»»
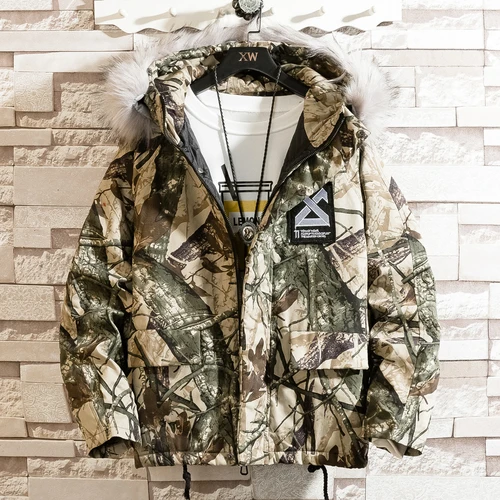 Camo Green Зимние популярные мужские парки, камуфляжная Повседневная куртка с капюшоном и большим меховым воротником, мужские утепленные качественные парки, пальто азиатского размера S-3XL - Цвет: Camo Green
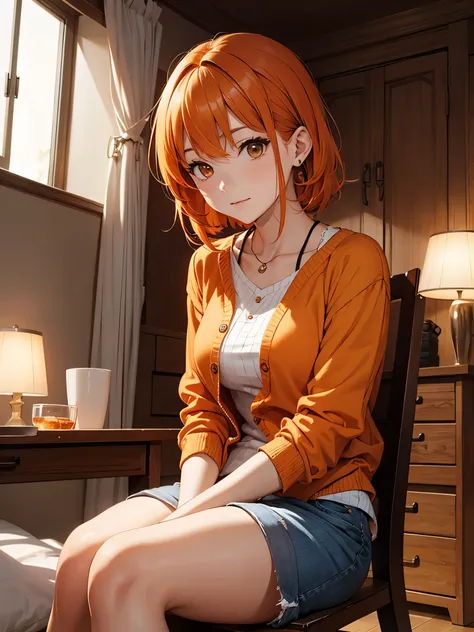 A mature girl, orange hair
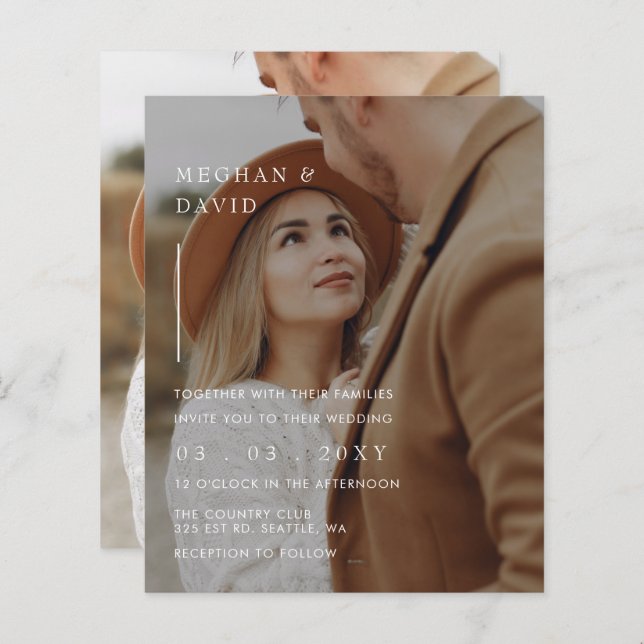 Budget Elegant Photo Overlay Wedding Invitation (Front/Back)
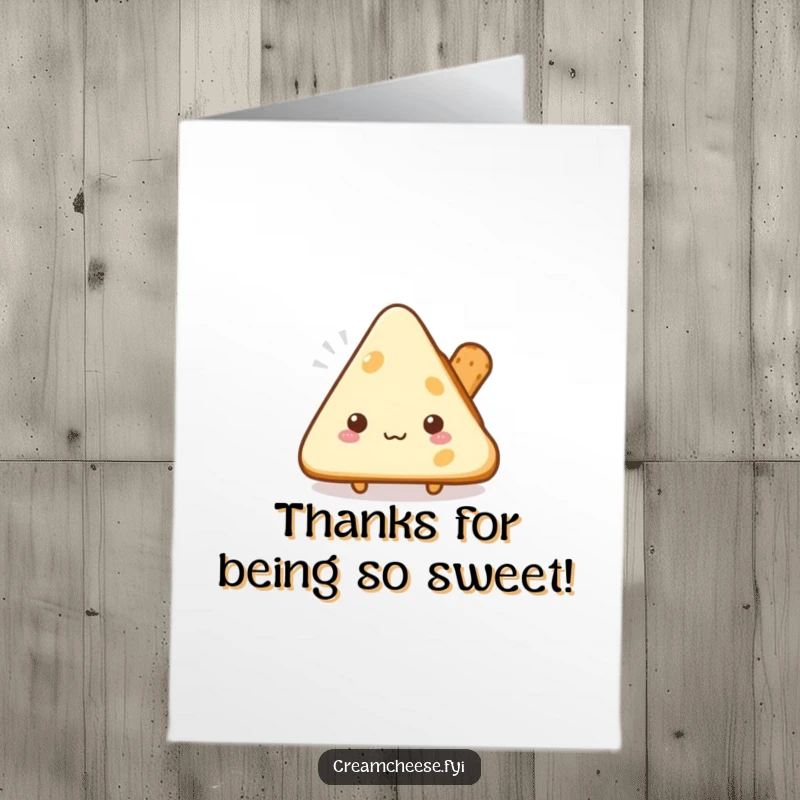 Funny free printable thank you card with a shy cream cheese triangle peeking out, a subtle and humorous way to show appreciation.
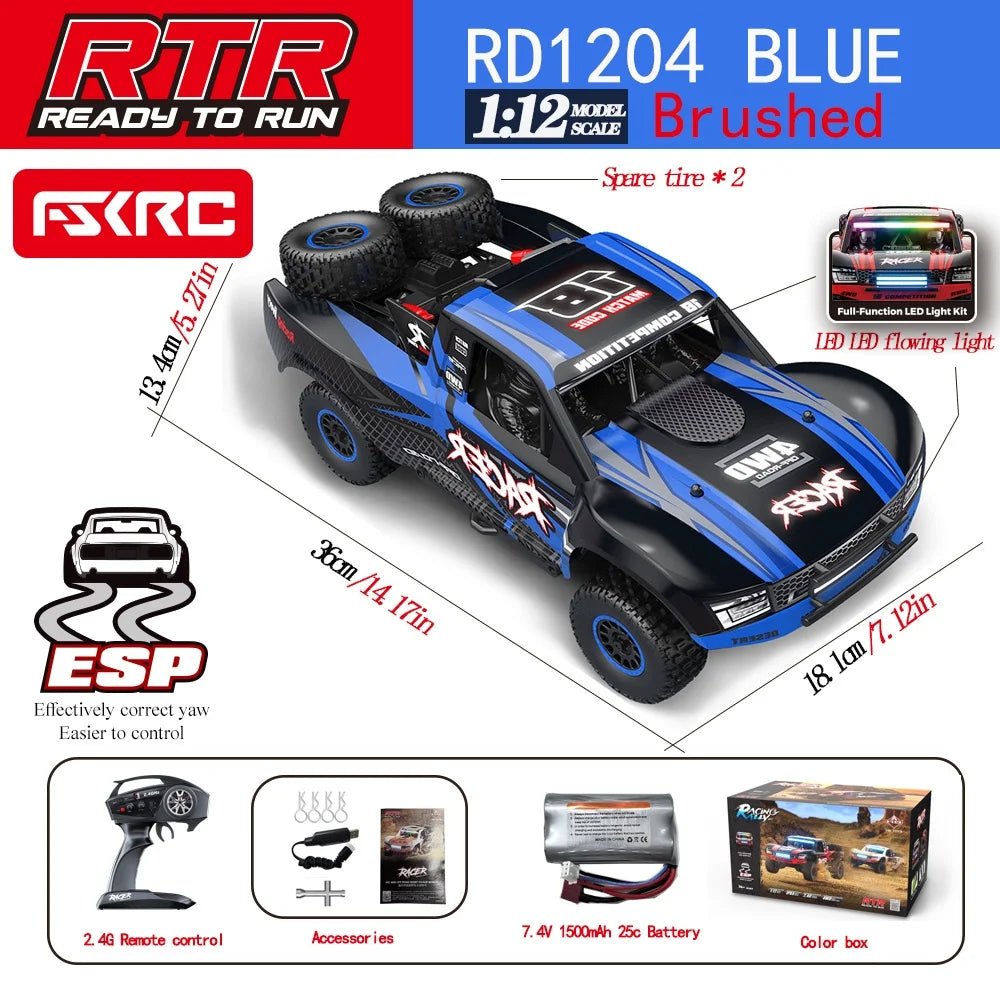 Hb-Rd1201-1204 1:12 Scale 4WD High-Speed Remote Control Car with LED Light 2.4GHz Frequency 45km/h RC Short Truck Toy Model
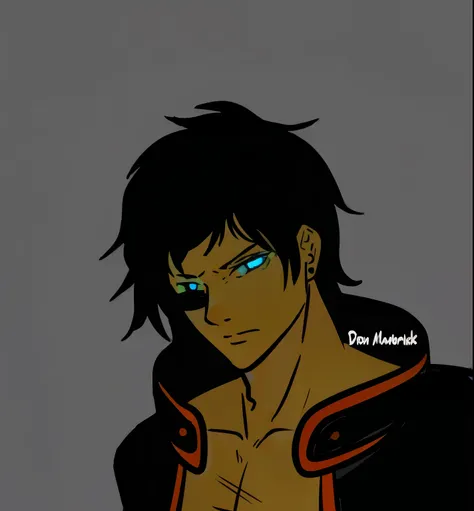 Anime art, A teenager with short brown hair and blue eyes glowed in the darkness 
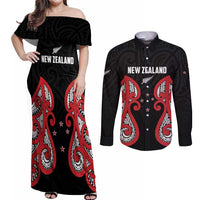 Custom Rugby New Zealand Couples Matching Off Shoulder Maxi Dress and Long Sleeve Button Shirt Baby Black Go Champions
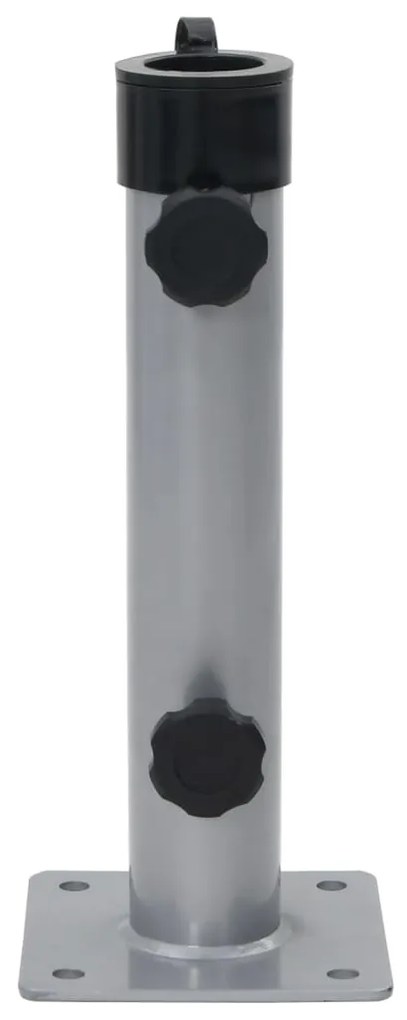 Base de guarda-sol para poste de Ø38/48 mm aço prateado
««
What the task requires -> The required output is every line from the beginning of the material above through the line with "Custom Rugby New", exact and without pictures.

Solution ->
 Camo Green Зимние популярные мужские парки, камуфляжная Повседневная куртка с капюшоном и большим меховым воротником, мужские утепленные качественные парки, пальто азиатского размера S-3XL - Цвет: Camo Green
 A mature girl, orange hair
 Budget Elegant Photo Overlay Wedding Invitation (Front/Back)
 Funny free printable thank you card with a shy cream cheese triangle peeking out, a subtle and humorous way to show appreciation.
 Hb-Rd1201-1204 1:12 Scale 4WD High-Speed Remote Control Car with LED Light 2.4GHz Frequency 45km/h RC Short Truck Toy Model
 Anime art, A teenager with short brown hair and blue eyes glowed in the darkness 
 Custom Rugby New Zealand Couples Matching Off Shoulder Maxi Dress and Long Sleeve Button Shirt Baby Black Go Champions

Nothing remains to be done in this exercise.